Tambah Kasat Resnarokba Kompol Tendri Wardi, setelah diperiksa petugas avsec bandara SIM Aceh Besar, ditemukan 200 gram narkotika jenis sabu disisi kiri dan kanan sepatu yang digunakan oleh palaku setelah diamankan, pelaku diserahkan ke petugas kepolisian guna dilakukan pengembangan lebih lanjut, hasil interogasi, pelaku merupakan kurir yang akan mengantar narkotika jenis sabu ke Banjarmasin.

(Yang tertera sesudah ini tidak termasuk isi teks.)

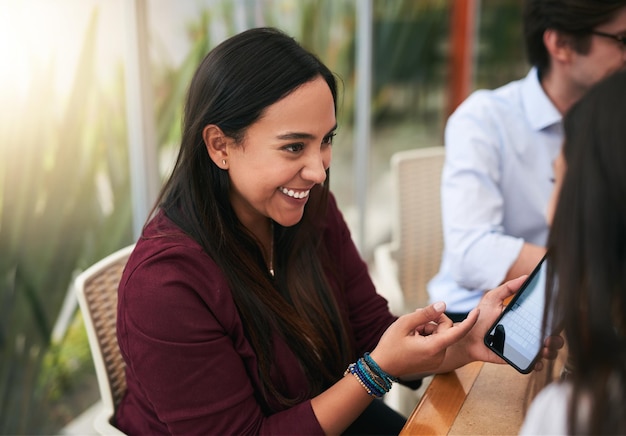 I am so relieved the years is done Shot of a cheerful young woman holding her cellphone while talking to another person at a table outside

“MD merupakan kurir suruhan dari AS (DPO) yang menyuruhnya untuk membawa narkotika jenis sabu ke Banjar masin dengan upah sebesar Rp. 8 juta bila barang tersebut sampai ke lokasi,” ujar Kasat Resnarkoba.
Selanjutnya, narkotika jenis sabu awalnya tersangka terima dari AS melalui perantara lainnya WAN (DPO) pada hari Kamis (13/10/2022) di Kabupaten Pidie sekitar jam 20.00 WIB. Saat ini AS dan WAN ditetapkan sebagai DPO. Selain sabu, petugas juga mengamankan dua lembar tiket boarding pass Batik Air tujuan Banda Aceh – Jakarta dan Jakarta – Banjarmasin.
“Kini pelaku mendekam di rumah tahanan Polresta Banda Aceh, hukuman dengan Pasal 112 ayat 2 jo Pasal 114 ayat 2 Undang – Undang Nomor 35 tahun 2009 tentang Narkotika dengan ancaman minimal 20 tahun penjara,” tutupnya. (Harmadi).